Don’t be surprised if the Pasadena Symphony adopts “The British are Coming” as the theme for an upcoming season. In biting England-like weather conditions today in the rotunda of the Pasadena City Hall, the PSO named British-born David Lockington as the orchestra’s next music director and also announced that another Brit, Nicholas McGegan, would serve in the newly created post of principal guest conductor.

Both contracts are for three years. The 56-year-old Lockington (right) was already scheduled to conduct the opening concert of the orchestra’s 86th season Nov. 2 at Ambassador Auditorium, a program that will conclude with Stravinsky’s The Rite of Spring), and McGegan was slated for his third consecutive appearance with the ensemble on January 11, 2014 (LINK)

The remaining concert this season and the other three concerts next season will be led by previously announced guest conductors. Beginning in the 2014-2015 season, Lockington will conduct three concerts annually and McGegan will lead two.

Lockington is in his 14th season as music director of the Grand Rapids Symphony in Michigan. Since 2007 has served in a similar capacity with the Modesto Symphony in central California (Paul Jan Zdunek, CEO of the Pasadena Symphony Association, came to that position from the Modesto Symphony). Lockington is also principal conductor of Spain’s Orquestra Sinfonica del Principado de Asturias. He said today he would continue in those positions but expects to spend several weeks in Pasadena beyond those when he conducts.

An accomplished cellist before turning to conducting, he and PSO Principal Cellist Andrew Shulman played cello together in the National Youth Orchestra of Britain more than 30 years ago and Lockington once served as assistant principal cellist with the Denver Symphony). Lockington has also been music director of the Long Island Philharmonic, New Mexico Symphony, Cheyenne Symphony and the Ohio Chamber Orchestra.

McGegan, 61, is international renowned as a baroque music specialist but in recent years has been broadening his conducting repertoire. Two years ago he led the PSO in a performance of Beethoven’s Symphony No. 3 (Eroica) and earlier this year was on the podium for the PSO’s performance of Mahler’s Symphony No. 4.

For 27 years, McGegan has been music director of the San Francisco-based Philharmonia Baroque Orchestra and Philharmonia Chorale. He’s also a familiar face on the Los Angeles Philharmonic podium and will lead the LAPO this August in Hollywood Bowl.
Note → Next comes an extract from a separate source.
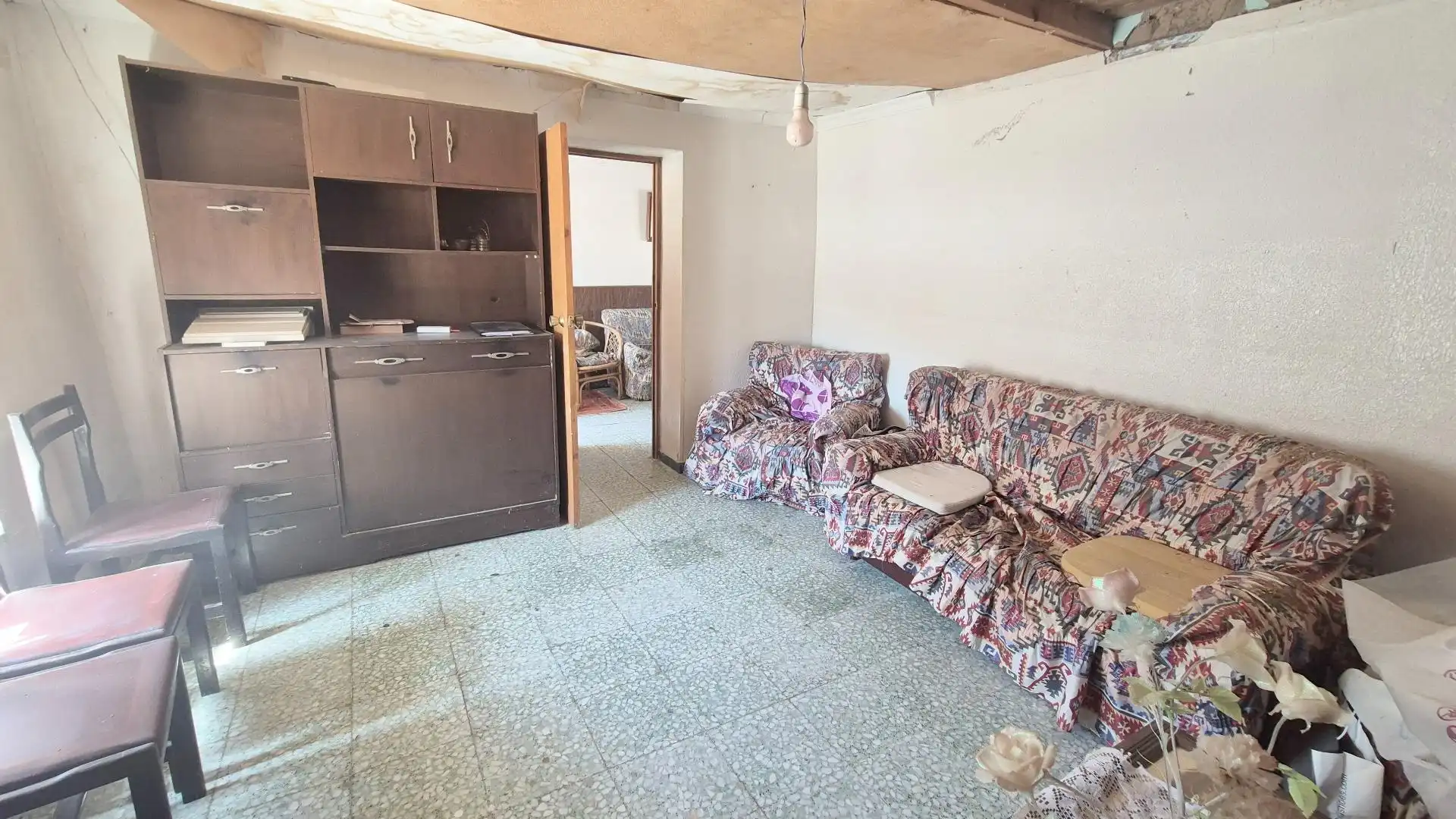 Casa o chalet en venta en Rasueros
At the media conference, today Lockington called his appointment something of a homecoming. “My wife [concert violinist Dylana Jenson) has relatives in the Valley,” he explained, “so we’ve been coming here for years and we’ve always hoped that we’d establish a professional reason to keep returning.”

At the same time, Lockington said he was excited about the orchestra’s musicians and about reaching deep into the fabric of lives in Pasadena and the surrounding regions. “Those of who love live symphonic music have a responsibility to be forceful advocates for the arts,” he declared. “I’m particularly interested in connecting with young people and making a difference in their lives.” Lockington and his family (he and Jensen have four children) will continue to live in Grand Rapids but he expects to spend several weeks in Pasadena beyond those when he conducts.

While the PSO has been led by a series of guest coductors during the past three seasons (most of whom have acquitted themselves admirably), the orchestra’s boar and musicians were determining the scope of future leadership. “We were looking for someone with leadership, musicianship and inspiration qualities,” said Board President Diane Rankin (a former member of the PSO’s flute section).

Drew Dembowski, the PSO’s principal bass who was one of four musicians on the committee that recommended Lockington, said, “David was the clear choice of the musicians. I cannot ever remember being as excited as I am about this announcement today.”

Lockington has made five recordings with the Grand Rapids Symphony (one was nominated for a Grammy in 2007) and he and Jensen collaborated on a recording of the Shostakovich First and Barber Violin Concertos with the London Symphony Orchestra in 2010.

McGegan (*left) has more than 100 recordings to his credit and has garnered both a Gramophone Award and a Grammy nomination. Like Lockington, McGegan was educated at Canbridge (McGegan also studied at Oxford, the English equivalent of attending both USC and UCLA). McGegan received an OBE from Queen Elizabeth II in 2010.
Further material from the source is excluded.